Content starts

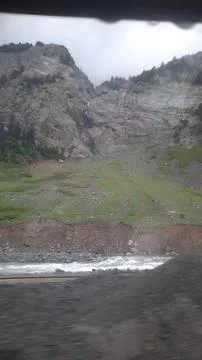 A view of a rocky mountain with a waterfall Stock Photos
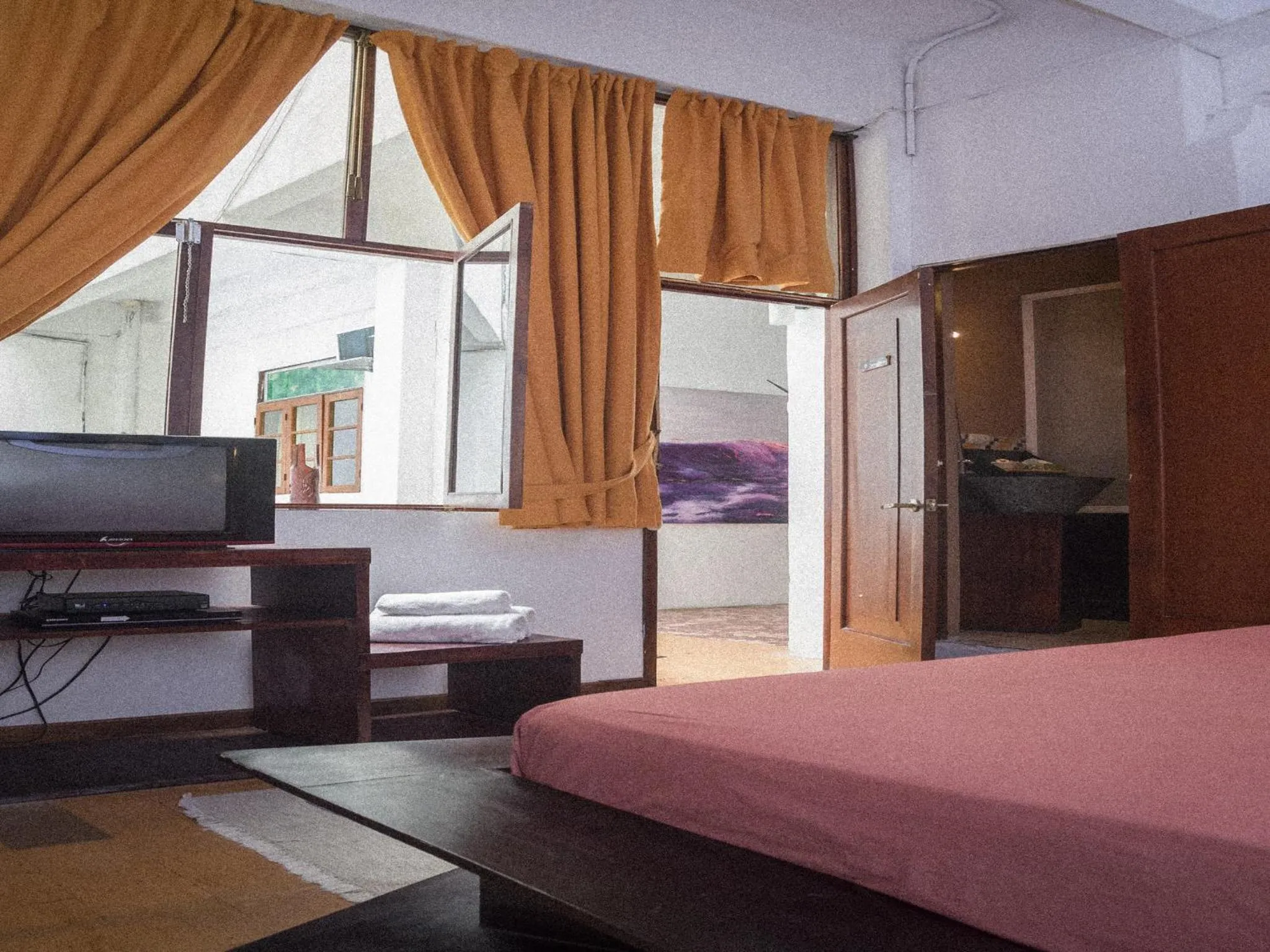 Photo of the whole room, TV/Entertainment Center in Manso Boutique Guest House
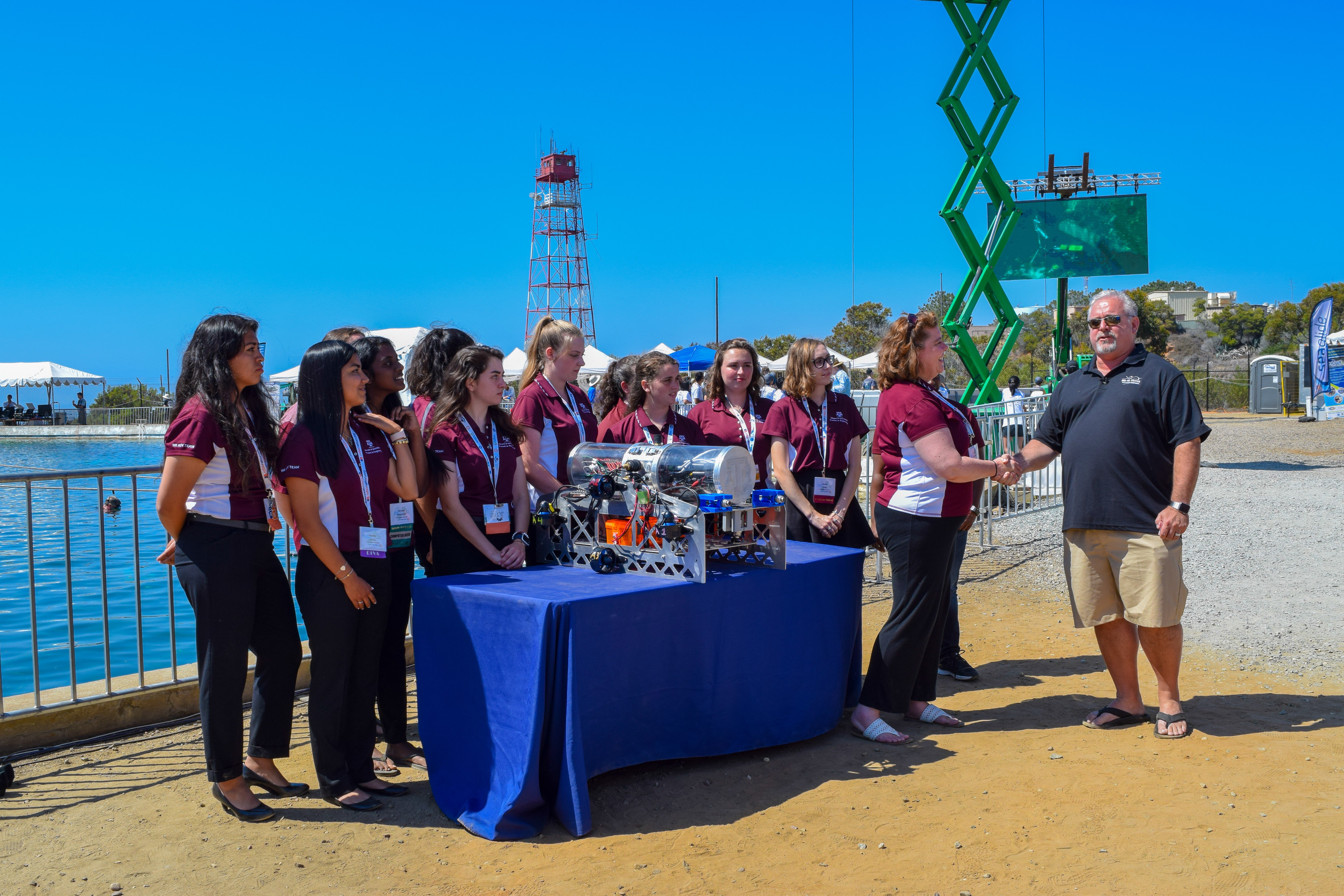 Competitors placing boats in water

Content ends

◆ **REQUIREMENT**
Each word of the data should be repeated exactly, and the pictures left out.

◆ **EXERCISE OUTPUT**
 A view of a rocky mountain with a waterfall Stock Photos
 Photo of the whole room, TV/Entertainment Center in Manso Boutique Guest House
 Competitors placing boats in water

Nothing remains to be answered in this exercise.